● What you need to do:
Type the data below again exactly. Omit all pictures.

● Data segment:

☆ ☆ ☆ ☆ ☆ ☆ ☆

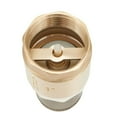 thumbnail image 2 of Brass Foot Valve DN25 With Check Valve Stainless Steel Basket Suction Basket 1 Inch Internal Thread Foot Valve 25 Mm, 2 of 10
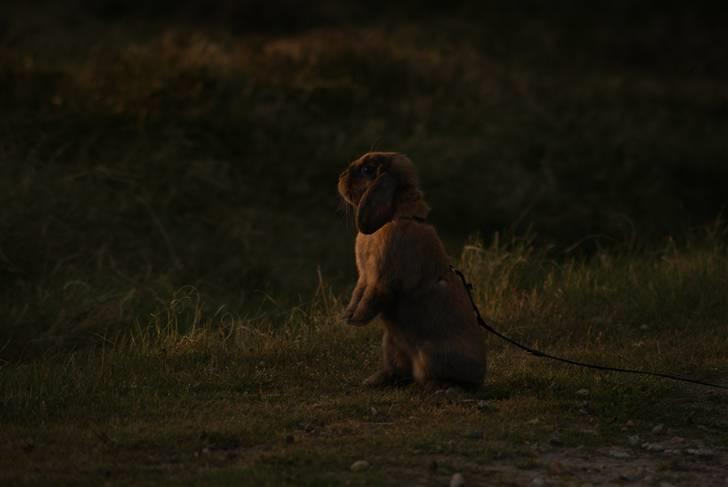 Kanin Stampe ( Gris ) :D billede 11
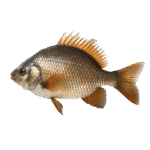 rohu fish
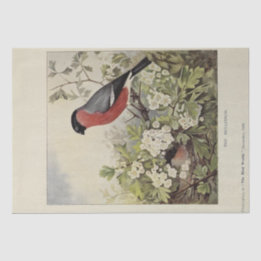Vintage-Fink decoupage mit Blumen-Ephemera Seidenpapier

☆ ☆ ☆ ☆ ☆ ☆ ☆

● Result of this exercise:
 thumbnail image 2 of Brass Foot Valve DN25 With Check Valve Stainless Steel Basket Suction Basket 1 Inch Internal Thread Foot Valve 25 Mm, 2 of 10
 Kanin Stampe ( Gris ) :D billede 11
 rohu fish
Vintage-Fink decoupage mit Blumen-Ephemera Seidenpapier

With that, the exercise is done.